About this task:
Reproduce the listing below from the line with "Dylan white online show from 02.13.25" to the line with "Phó Giám đốc", both lines included, character for character, minus any pictures.

Dataset records:
◇ ◇ ◇

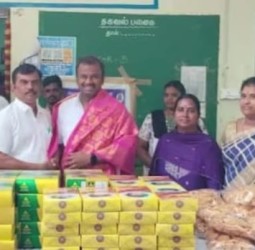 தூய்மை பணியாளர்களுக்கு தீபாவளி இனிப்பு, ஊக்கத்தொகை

◇ ◇ ◇

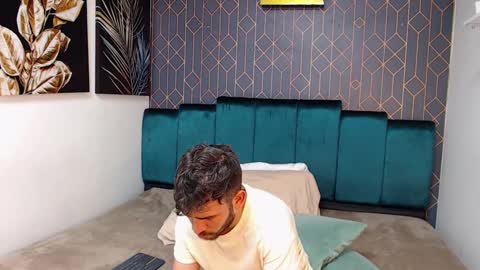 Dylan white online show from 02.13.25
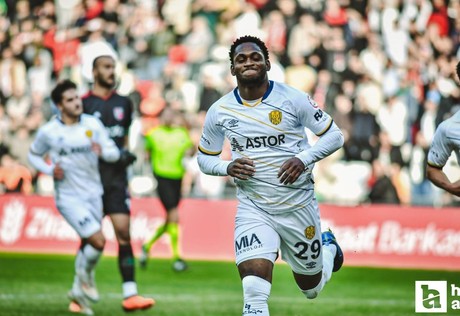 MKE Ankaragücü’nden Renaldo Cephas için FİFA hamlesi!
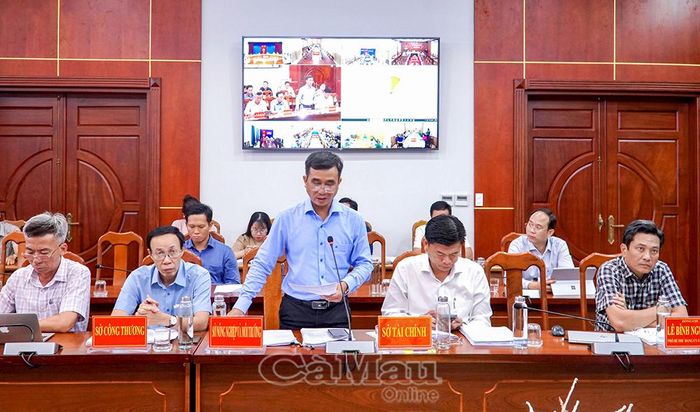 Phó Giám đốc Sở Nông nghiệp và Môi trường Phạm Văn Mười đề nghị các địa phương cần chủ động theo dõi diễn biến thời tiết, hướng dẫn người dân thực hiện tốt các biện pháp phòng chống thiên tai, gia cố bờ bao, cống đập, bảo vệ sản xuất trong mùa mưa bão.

◇ ◇ ◇

Response:
 Dylan white online show from 02.13.25
 MKE Ankaragücü’nden Renaldo Cephas için FİFA hamlesi!
 Phó Giám đốc Sở Nông nghiệp và Môi trường Phạm Văn Mười đề nghị các địa phương cần chủ động theo dõi diễn biến thời tiết, hướng dẫn người dân thực hiện tốt các biện pháp phòng chống thiên tai, gia cố bờ bao, cống đập, bảo vệ sản xuất trong mùa mưa bão.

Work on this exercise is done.